[Droit à un procès équitable ; droit à un recours juridictionnel effectif ; Czabaj ; CEDH ; instances en cours ; article 6§1]

Par un arrêt « Legros et autres c./ France » rendu le 9 novembre 2023 (n° 72173/17 et a.) la Cour européenne des droits de l’homme vient de condamner la France pour violation du droit à un procès équitable, en raison de l’application de la jurisprudence « Czabaj » aux instances en cours.

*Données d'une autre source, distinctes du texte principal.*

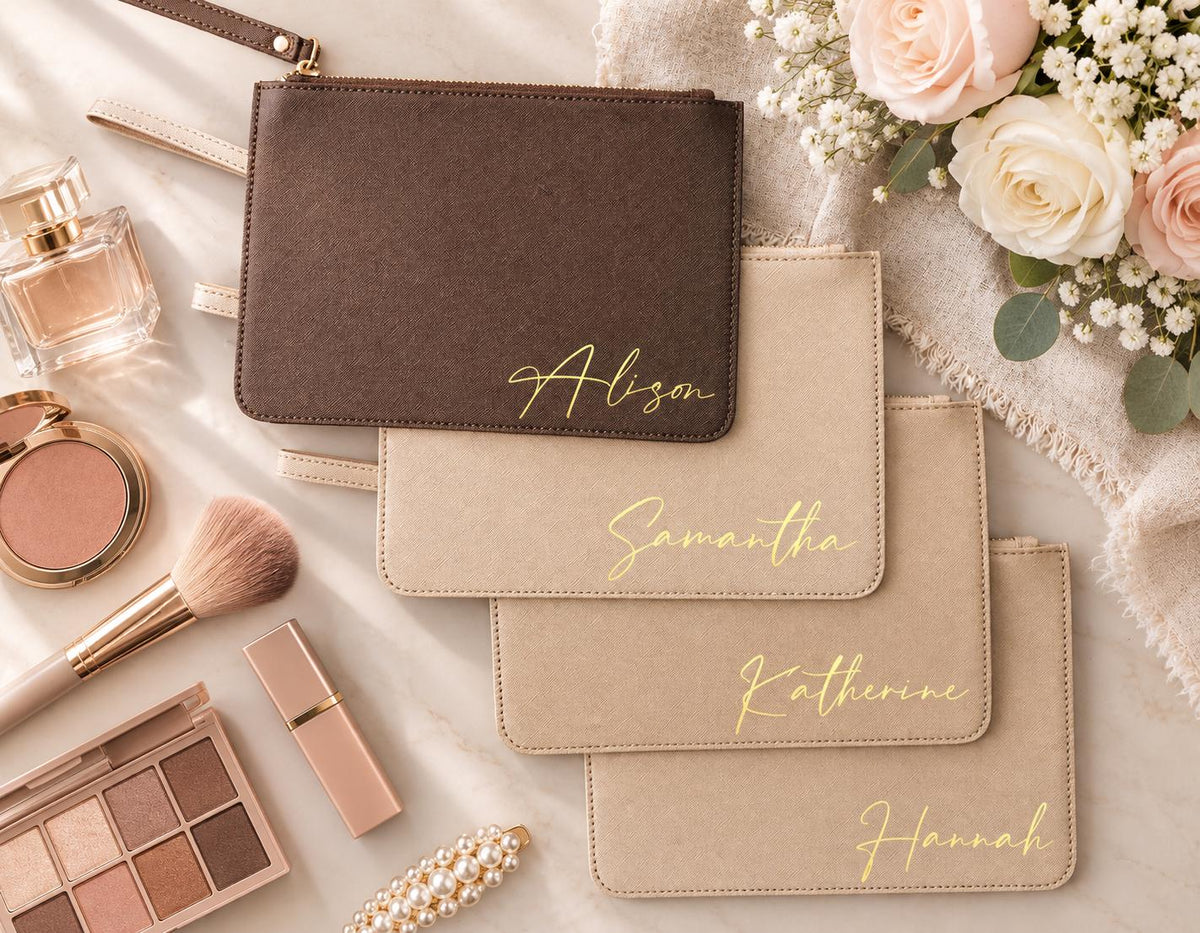 Personalized clutch bags in mocha and oat with gold names for a bridal party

Par ce célèbre arrêt d’Assemblée en date du 13 juillet 2016 (n° 387763), le Conseil d’État avait posé le principe selon lequel, en l’absence de mention des voies et délais de recours dans une décision prise par l’administration, il appartenait au requérant de la contester dans un « délai raisonnable », précisant en outre « qu’en générale et sauf circonstances particulières dont se prévaudrait le requérant, ce délai ne saurait […] excéder un an à compter de la date à laquelle une décision expresse lui a été notifiée ou de la date à laquelle il est établi qu’il en a eu connaissance ». Ce faisant, au nom de la sécurité juridique, il restreignait considérablement le droit au recours des intéressés.

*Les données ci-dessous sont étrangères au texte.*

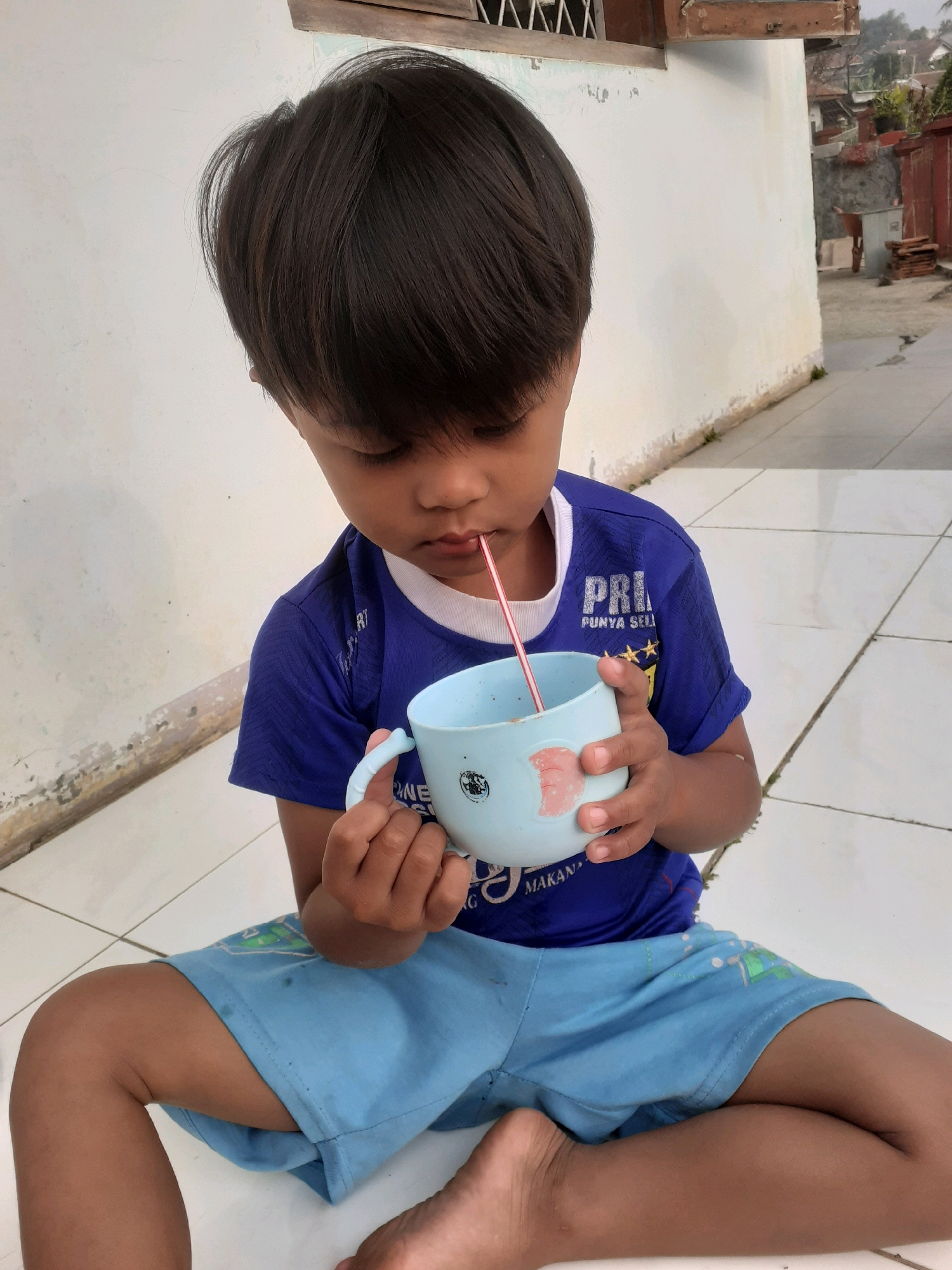 A young child, likely male, with dark hair is sitting on a tiled outdoor floor, possibly a patio or walkway, and drinking from a light blue cup with a pink straw. The child is wearing a blue t-shirt with white trim and blue shorts with some light green graphics. The child's head is bowed, and their eyes are focused on the cup. The background shows a white wall, a wooden window frame, and glimpses of houses and vegetation, suggesting a residential area. The overall scene appears to be in a warm climate. Based on the provided information, this image was taken in the city of Sumedang, Indonesia.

Saisie de multiples requêtes critiquant cette jurisprudence à l’aune de l’article 6§1 de la convention, la Cour de Strasbourg s’est prononcée en deux temps.

Elle a d’abord validé le principe d’une limitation jurisprudentielle du délai de recours.

Tout en jugeant que cette nouvelle règle de recevabilité ne se résumait pas à affecter les seules modalités d’exercice du droit au recours mais était « susceptible d’affecter sa substance même » (§138), elle a rappelé que l’évolution de la jurisprudence n’était pas, en soi, contraire au droit à un procès équitable (§140).

Ensuite, eu égard aux buts poursuivis par ce revirement de jurisprudence (en l’occurrence, la préservation de la sécurité juridique et la bonne administration de la justice) et au rapport de proportionnalité existant entre ceux-ci et les conditions d’opposabilité du délai d’un an fixé par le Conseil d’État, elle a estimé que « la création, par voie prétorienne, d’une nouvelle condition de recevabilité [ne portait pas] une atteinte excessive au droit d’accès à un tribunal » (§148).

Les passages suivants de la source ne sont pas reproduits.